Ask business owners when they should obtain a business valuation and many will probably offer a one-word reply: “Retirement!” But there are many other reasons to engage the services of a professional appraiser, such as a forensic accounting firm, besides the arrival of your golden years.

Here are five to consider:

1. You’re selling your business (or buying another one).

If you’re a seller, a valuation will not only estimate how much your company is worth, but also offer insights into how you can improve it. If you’re a buyer, your appraiser can scrutinize any assumptions the seller’s appraiser uses to justify the sale price.

Business appraisers typically use one or more methods to value a company that’s up for sale. These may include an asset- or market-based approach, a discounted cash flow method, or a capitalization of cash flows method. Consult your forensic investigators to take a better look.

2. You’re creating or updating your buy-sell agreement.

Even if a business sale or purchase is the furthest thing from your mind, you still need a buy-sell agreement. Sudden death or disability, withdrawal from employment or a divorce can all throw a business into chaos if such an agreement isn’t in place.

A professional appraiser or forensic accountant can help establish a clearly named and defined standard of value for your buy-sell agreement and determine (and regularly update) a formula for calculating that value. Doing so can prevent any number of conflicts down the road.

3. You’re getting divorced.

The end of a marriage can be a particularly chaotic and emotional time, increasing the risk that business issues go ignored or mishandled.

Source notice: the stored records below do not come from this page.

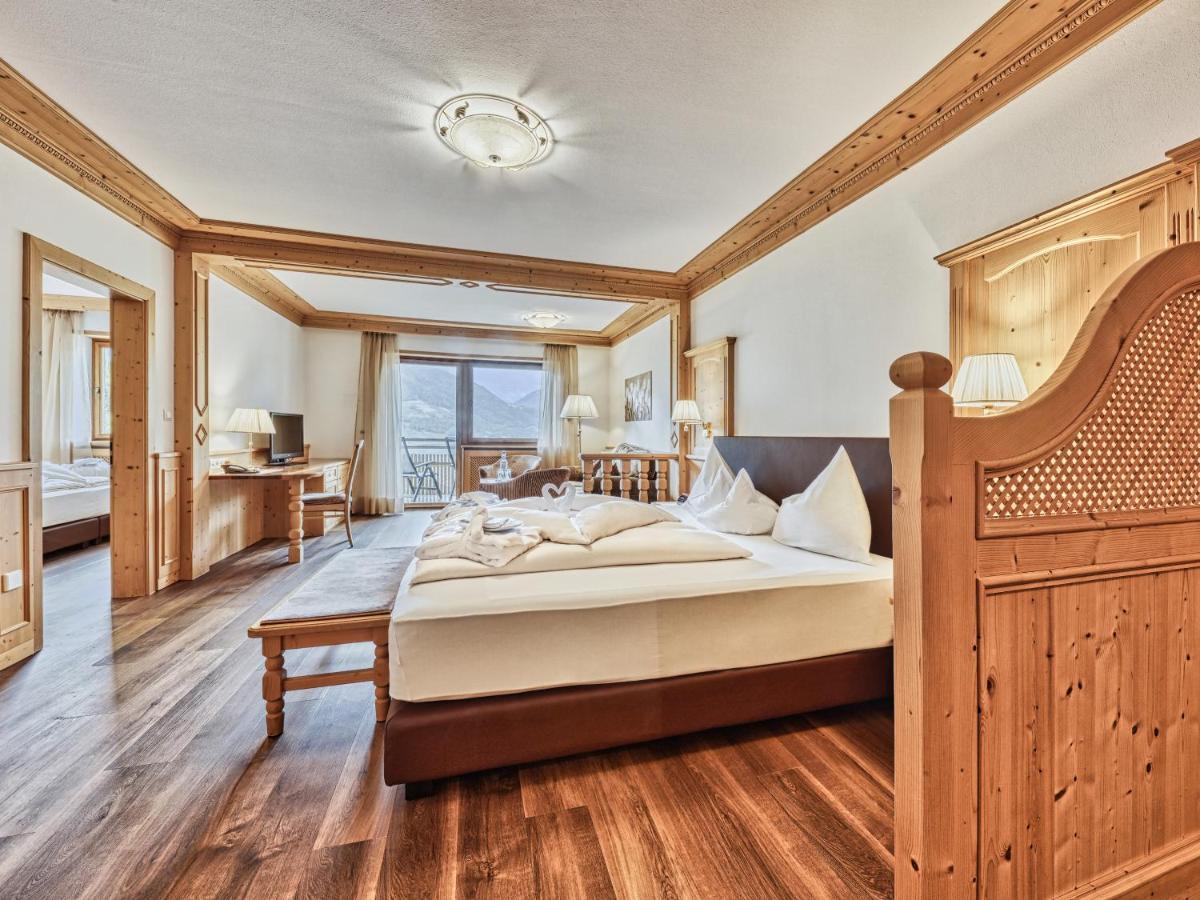 Hotel Traubenheim Tirolo Zewnętrze zdjęcie
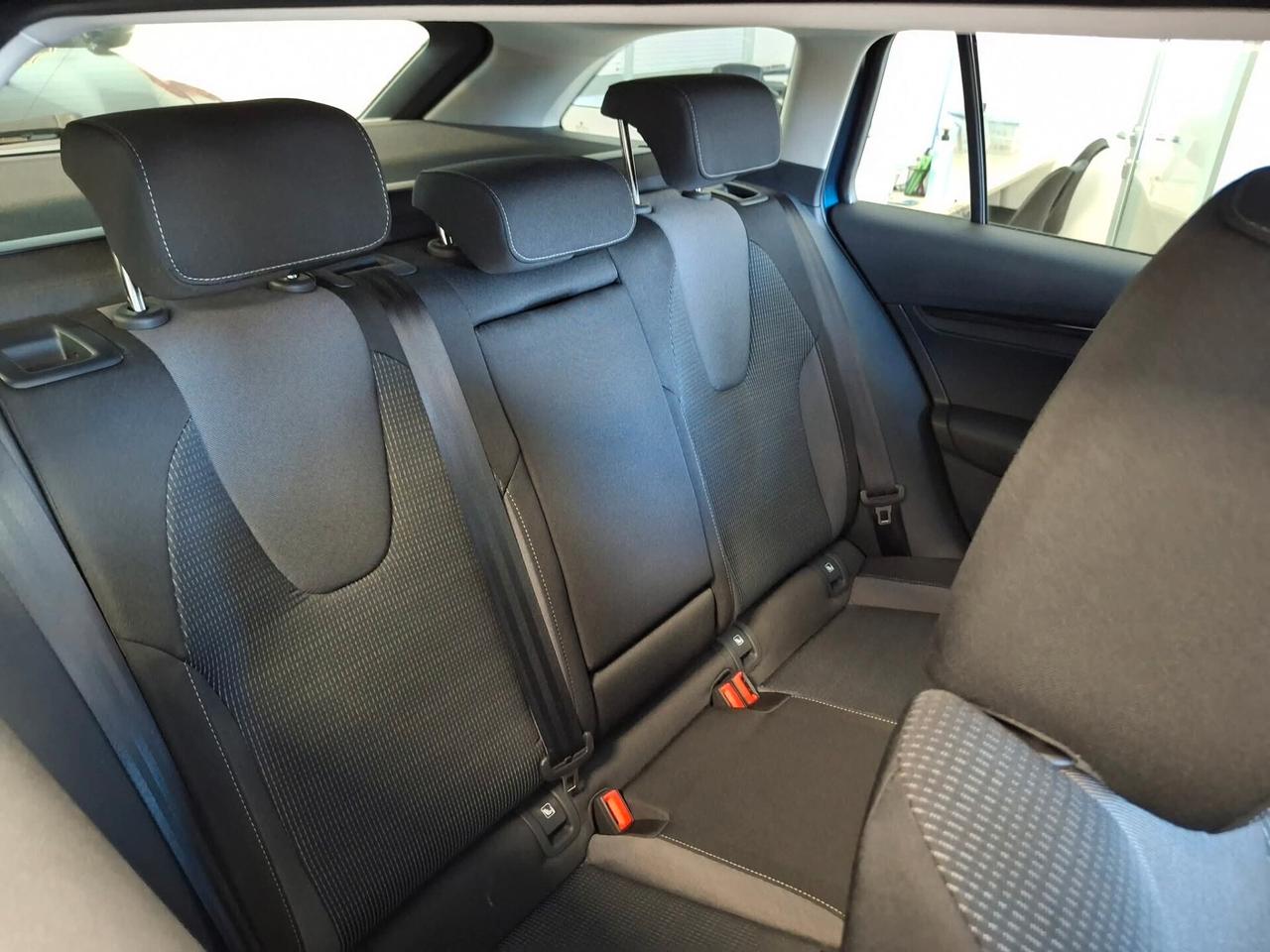 Skoda Octavia 2.0 TDI DSG Wagon 10.000km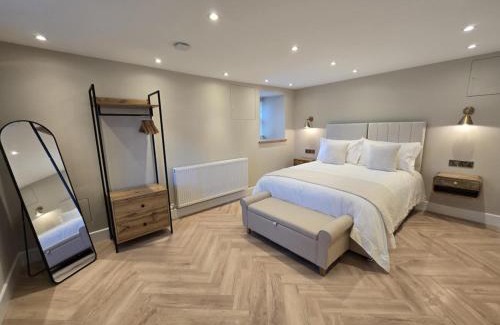 Ciliau-Aeron Apartment | Modern Retreat near Aberaeron - Luxe 1 bed Escape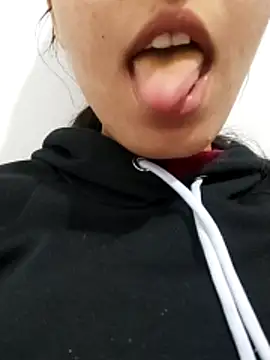 saraaxx1 online show from December 1, 2025, 11:55 am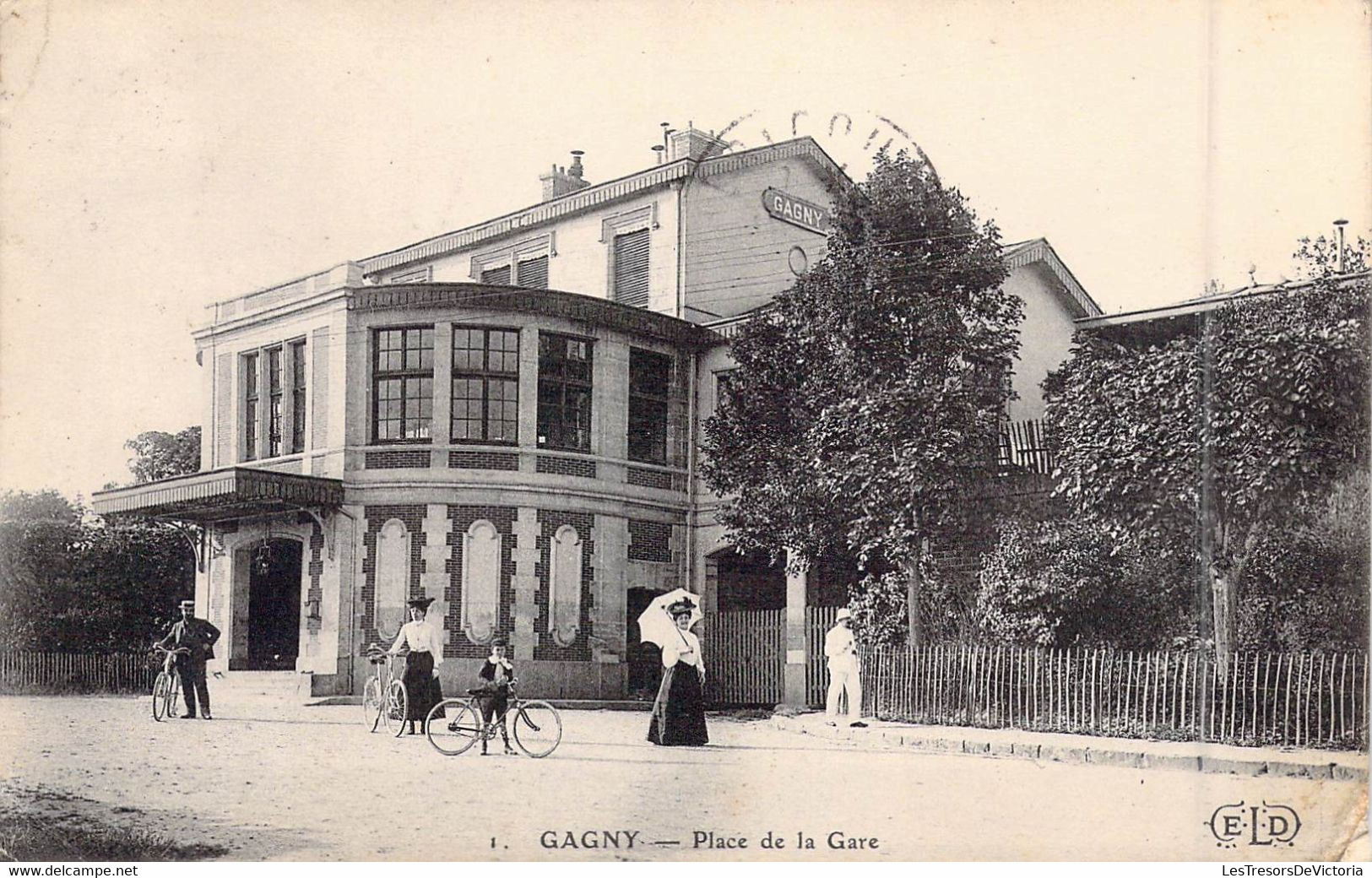 FRANCE - 93 - Gagny - Place De La Gare - Carte Postale Ancienne - Gagny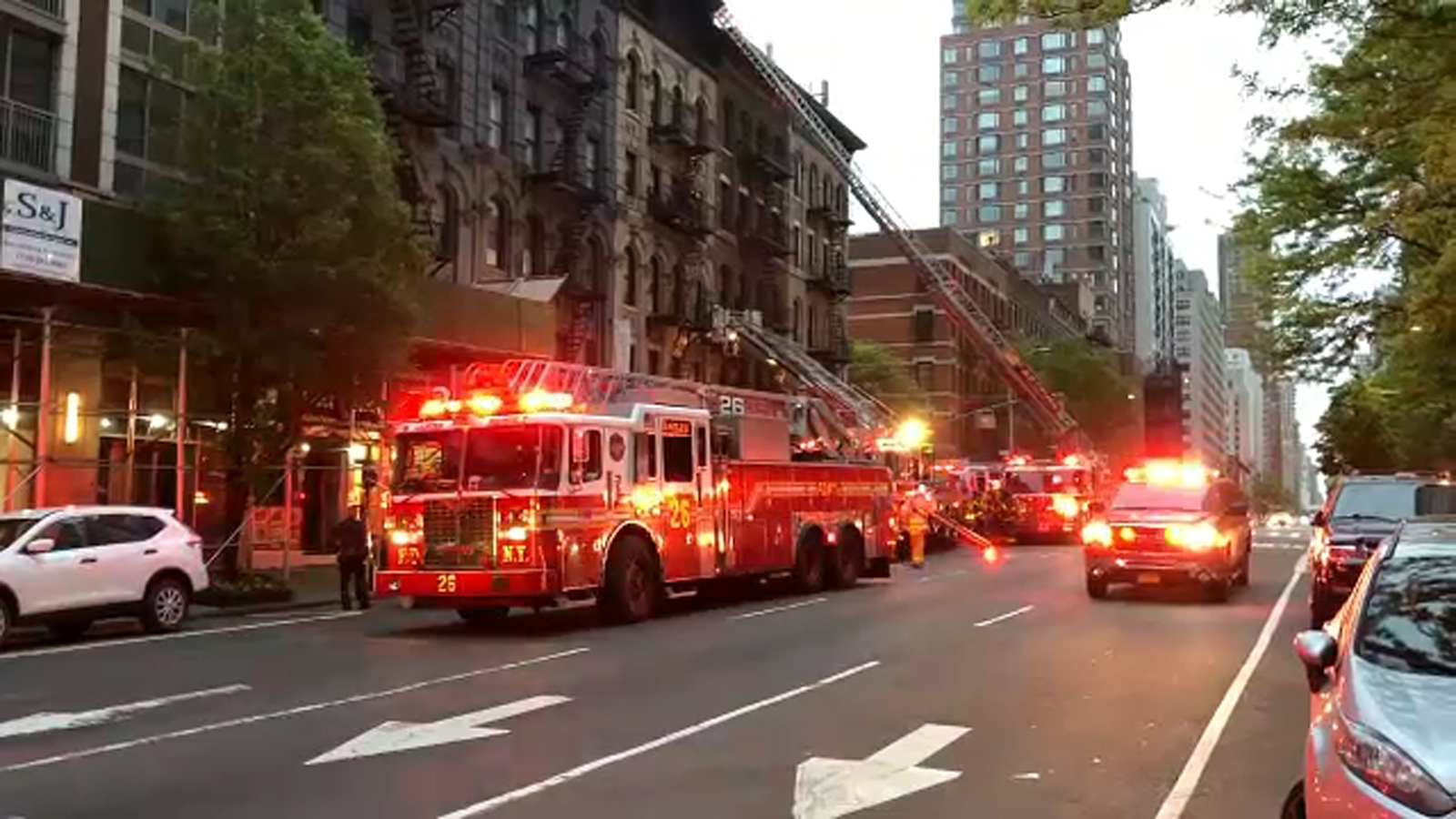 86-year-old woman dies in Upper East Side apartment fire - ABC7 New York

For this reason, obtaining a valuation from your forensic accounting firm during a divorce can serve as a critical protective measure.

Forensic appraisers generally apply so-called going concern valuation methods to functioning businesses that are expected to continue operations following a divorce. They typically use three variations of these methods: 1) A comparable transactions approach, which compares sales of similar businesses, 2) a present value of future cash flows approach, which measures the company’s expected performance, and 3) a net asset value approach, which looks only at assets and liabilities.

4. You’re creating or updating your estate plan.

A company’s value affects the tax-related costs of selling, gifting or bequeathing its business interests. Failing to estimate value properly may leave your heirs on the hook for a sizable estate tax bill that could force them to sell your company after your death.

Arriving at an acceptable value estimate is no easy task. According to IRS Revenue Ruling 59-60, eight factors must be considered when valuing shares in private companies for estate tax (and gift tax) purposes. Engaging a forensic accounting and consulting professional is a must.

5. You’re growing your business.

You’re probably familiar with the old cliché, “You can’t know where you’re going unless you know where you’ve been.” Well, a business appraisal done by a forensic specialty accountant can tell you exactly where your company has been — and where it is — in terms of business performance and value.

Say you want to add a new product line to boost profits but know you’ll need to obtain some outside financing to cover the expenses. You can use a forensic valuation specialist as objective leverage when seeking investors’ or lenders’ financial help.

Granted, obtaining a valuation can be a complex and time-consuming task. But the benefits far outweigh the hassles.